Manipulating floating-point values by the bit

To deal with floating-point numbers bit-by-bit with some prospect of portability, use the techniques below. They are derived from a public implementation of the functions such as Scalb, Logb, and NextAfter, functions (whose purpose is to obviate such bit manipulation).

TIP Use this information only as a last resort. The CommonPoint system supplies a set of portable functions to manipulate numbers.

The first technique is to cast a float value as an unsigned 32-bit integer. For example:

    #define FLOAT_BITS(x) *((uint32_t *) &(x))
The type uint32_t is defined in a proposed extension to Standard C to support machine-independent specification of integer types. The type names an unsigned 32-bit integer on any platform. The argument x should be a float value whose address may be taken. Use of FLOAT_BITS depends on the fact that the bits of a float, from most to least significant, are ordered as are the bits of an unsigned 32-bit integer.

NOTE The situation is more complicated for a double or long double value, where the value is handled in 32-bit pieces.
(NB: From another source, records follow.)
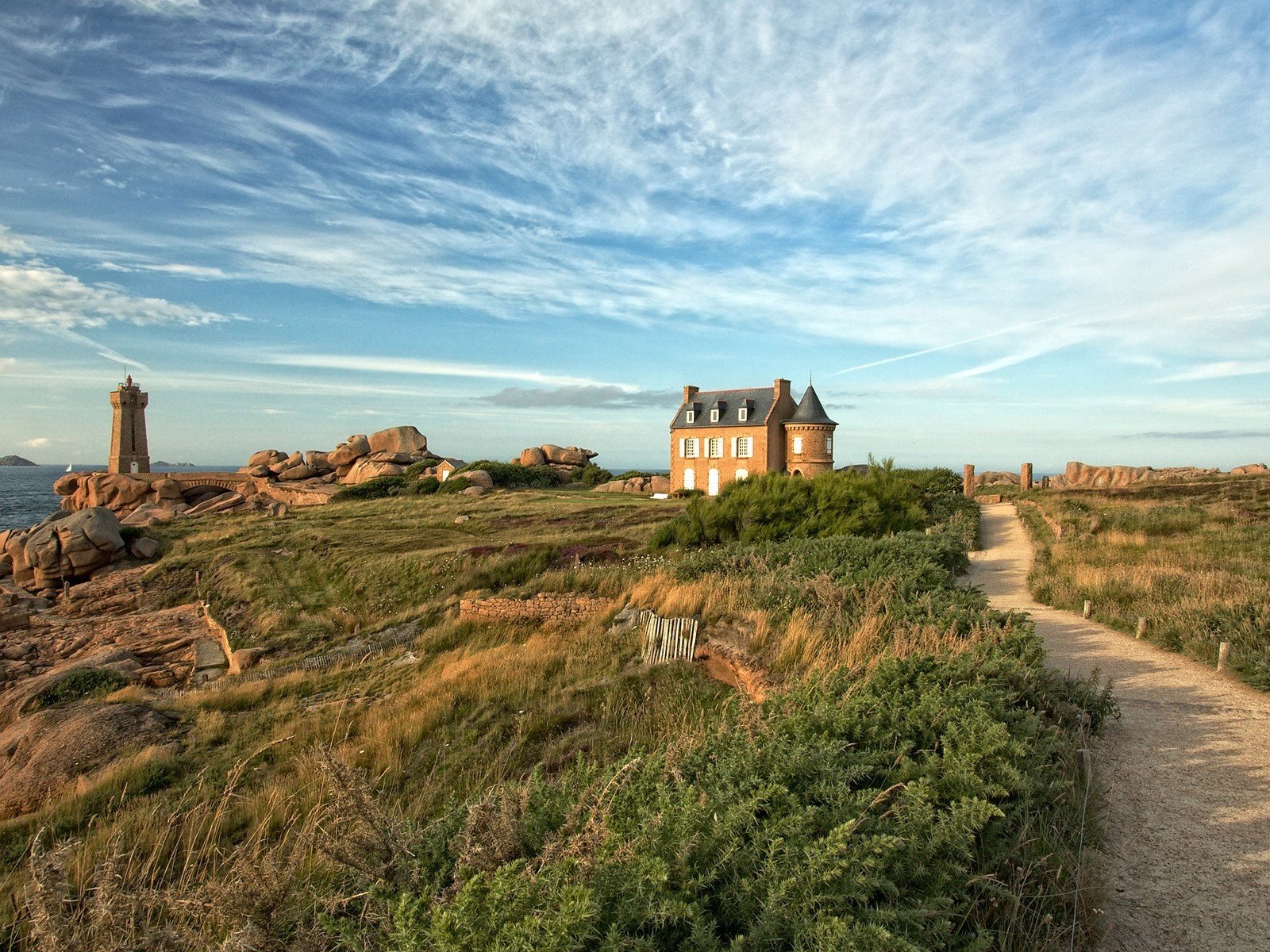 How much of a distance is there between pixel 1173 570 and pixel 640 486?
1289 inches

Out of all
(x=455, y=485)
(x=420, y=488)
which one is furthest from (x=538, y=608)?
(x=420, y=488)

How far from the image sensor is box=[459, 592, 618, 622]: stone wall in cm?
1253

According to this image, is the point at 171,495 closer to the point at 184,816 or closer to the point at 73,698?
the point at 73,698

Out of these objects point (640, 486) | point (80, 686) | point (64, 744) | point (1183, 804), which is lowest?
point (80, 686)

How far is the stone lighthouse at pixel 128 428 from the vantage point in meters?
52.9

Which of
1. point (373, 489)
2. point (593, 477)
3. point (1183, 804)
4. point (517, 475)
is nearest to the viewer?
point (1183, 804)

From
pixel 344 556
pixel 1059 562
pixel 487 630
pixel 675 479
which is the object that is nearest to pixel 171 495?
pixel 344 556

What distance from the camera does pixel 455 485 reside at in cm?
4138

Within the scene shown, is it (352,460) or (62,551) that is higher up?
(352,460)

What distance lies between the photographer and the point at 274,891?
2.94 metres

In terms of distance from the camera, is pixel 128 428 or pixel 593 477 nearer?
pixel 593 477

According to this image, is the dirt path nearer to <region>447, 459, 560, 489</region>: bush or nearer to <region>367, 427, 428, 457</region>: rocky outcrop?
<region>447, 459, 560, 489</region>: bush

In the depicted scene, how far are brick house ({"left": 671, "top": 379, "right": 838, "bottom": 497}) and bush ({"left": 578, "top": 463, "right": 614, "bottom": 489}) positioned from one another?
907 cm

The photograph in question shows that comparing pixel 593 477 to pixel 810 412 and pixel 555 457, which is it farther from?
pixel 810 412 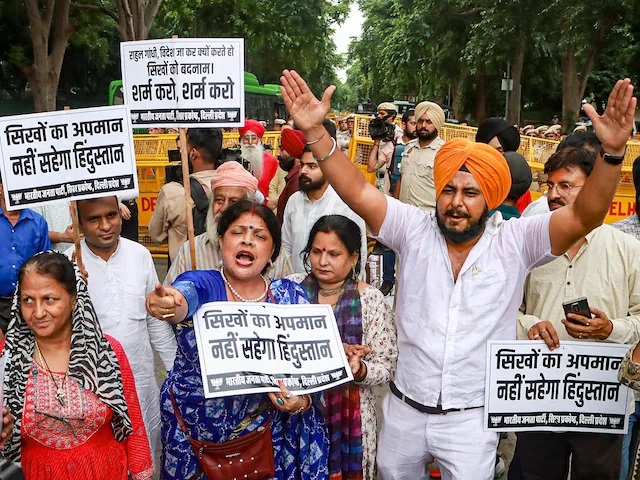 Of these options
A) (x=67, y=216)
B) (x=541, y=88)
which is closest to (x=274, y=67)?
(x=541, y=88)

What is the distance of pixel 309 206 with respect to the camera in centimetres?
480

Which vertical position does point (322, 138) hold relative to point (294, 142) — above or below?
above

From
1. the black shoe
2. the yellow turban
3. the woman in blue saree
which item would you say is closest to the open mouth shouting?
the woman in blue saree

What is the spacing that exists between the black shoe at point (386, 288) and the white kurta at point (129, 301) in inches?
175

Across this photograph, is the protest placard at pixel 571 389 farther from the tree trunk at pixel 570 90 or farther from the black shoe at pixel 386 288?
the tree trunk at pixel 570 90

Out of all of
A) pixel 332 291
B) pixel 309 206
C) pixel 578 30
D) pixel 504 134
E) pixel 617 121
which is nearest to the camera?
pixel 617 121

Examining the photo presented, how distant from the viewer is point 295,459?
10.3 feet

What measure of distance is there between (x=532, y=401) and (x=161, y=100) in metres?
2.57

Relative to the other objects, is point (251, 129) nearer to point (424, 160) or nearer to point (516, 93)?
point (424, 160)

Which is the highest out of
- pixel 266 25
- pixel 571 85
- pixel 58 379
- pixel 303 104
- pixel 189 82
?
pixel 266 25

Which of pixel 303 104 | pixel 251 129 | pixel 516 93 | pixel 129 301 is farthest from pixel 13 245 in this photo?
pixel 516 93

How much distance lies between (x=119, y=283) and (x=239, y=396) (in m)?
1.04

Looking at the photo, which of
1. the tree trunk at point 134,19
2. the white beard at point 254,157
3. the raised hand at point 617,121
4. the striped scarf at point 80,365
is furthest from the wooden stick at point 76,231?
the tree trunk at point 134,19

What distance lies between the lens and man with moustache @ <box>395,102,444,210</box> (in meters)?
6.96
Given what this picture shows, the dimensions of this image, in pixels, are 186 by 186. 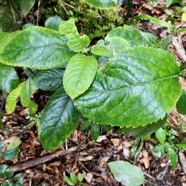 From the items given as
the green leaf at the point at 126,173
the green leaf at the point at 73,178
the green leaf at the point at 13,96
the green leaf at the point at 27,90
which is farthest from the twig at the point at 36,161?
the green leaf at the point at 27,90

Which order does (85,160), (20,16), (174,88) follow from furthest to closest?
(85,160), (20,16), (174,88)

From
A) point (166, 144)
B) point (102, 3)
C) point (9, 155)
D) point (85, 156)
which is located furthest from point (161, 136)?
point (102, 3)

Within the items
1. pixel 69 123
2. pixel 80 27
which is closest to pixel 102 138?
pixel 80 27

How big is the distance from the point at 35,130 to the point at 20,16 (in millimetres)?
694

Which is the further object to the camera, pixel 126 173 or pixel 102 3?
pixel 126 173

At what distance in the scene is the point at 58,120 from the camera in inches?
39.7

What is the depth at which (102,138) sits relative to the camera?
1855 mm

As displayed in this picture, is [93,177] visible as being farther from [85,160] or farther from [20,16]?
[20,16]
In this case, you must account for the byte order of the platform.

Here are two ways to extract the unbiased exponent of a float value x.

      long  unbiasedExp1 = ((int) ((FLOAT_BITS(x) & 0x7F800000) >> 23)) - 127;
      float unbiasedExp2 = Logb(x);
Use of the global function Logb is simpler and more portable than masking and shifting the exponent bits. If x is subnormal, unbiasedExp2 is the (out of range) exponent as though x were normalized, while unbiasedExp1 is one less than the exponent of x as a subnormal value. The float value unbiasedExp2 has special values in case x is zero, infinite, or NaN. Note that applying integer operations to a floating-point value is not a particularly portable technique, as it requires the use of three magic numbers: the mask, the shift count, and the bias.